You implemented the complete DDPM sampling algorithm. The trajectory shows exactly what the web lesson described:

- **t=1000 to t=800:** Pure static begins to show the vaguest hint of structure. The oracle is making coarse, global decisions.
- **t=600 to t=400:** A recognizable shape emerges. Edges form, proportions become clear.
- **t=200 to t=50:** Fine details appear. Textures, subtle shading, the outline solidifies.
- **t=0:** The generated image. Not identical to the original because of the stochastic noise injection at each step—but structurally the same.

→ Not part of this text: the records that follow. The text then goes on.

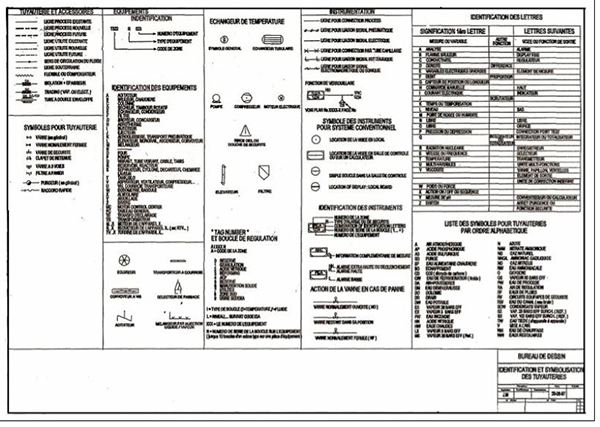 Identification et symbolisation des tuyauteries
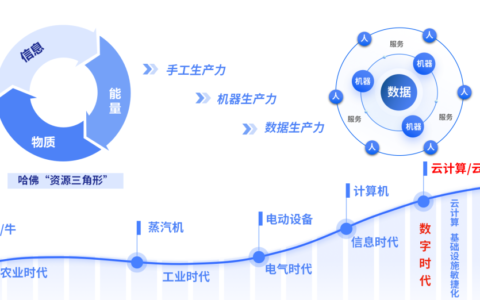 云原生：数字化转型的“科技”与“狠活”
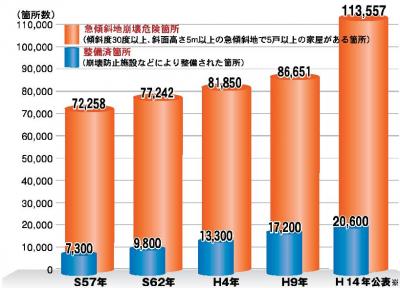 危険箇所数の推移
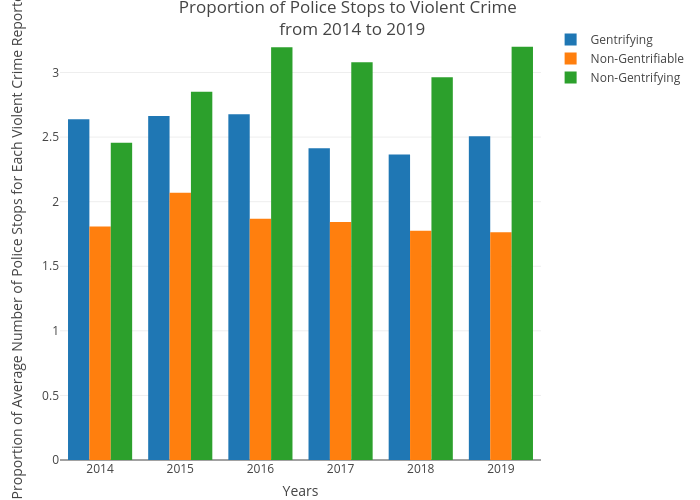 Proportion of Police Stops to Violent Crime  from 2014 to 2019 | bar chart made by Csmith790 | plotly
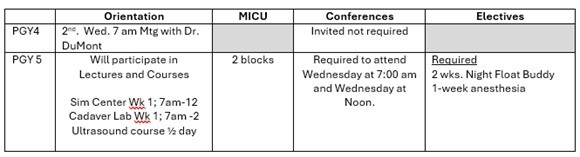 CCM Conference Schedule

**The cost is real.** 1,000 steps. In a real diffusion model, each step is a full neural network forward pass through a U-Net. At 28×28, this runs in seconds. At 512×512 (Stable Diffusion scale), each step takes much longer. That is the pain that motivates accelerated samplers, DDIM, latent diffusion, and everything that follows.

---

## Key Takeaways

1. **The reverse step coefficients change with the schedule.** The scaling factor stays close to 1, but the noise correction is larger at high $t$ (bold structural decisions) and tiny at low $t$ (fine detail polishing). Same formula, different regime.

2. **One step barely changes the image.** Each reverse step makes a tiny correction. You need 1,000 of them—and that is a strength, not a weakness. Small steps mean small errors per step.

3. **One-shot denoising fails with imperfect predictions.** Dividing by $\sqrt{\bar{\alpha}_t}$ amplifies any error in the noise prediction. Multi-step denoising is robust because each step's error is proportionally small and the model gets a fresh look at a slightly cleaner image.

4. **The full sampling algorithm is a loop: start from noise, apply the reverse step formula T times, return $x_0$.** Set $z = 0$ at the final step ($t = 1$)—the last step commits, every step before it explores.

5. **The denoising trajectory is coarse-to-fine.** Early steps create structure from nothing. Late steps refine details. Not all steps are created equal.

**Mental model:** Destruction was easy and known. Creation requires a trained guide. At each step, the guide points toward the clean image, but a small jitter keeps the path from collapsing to a single boring route. 1,000 tiny corrections compose into something that never existed.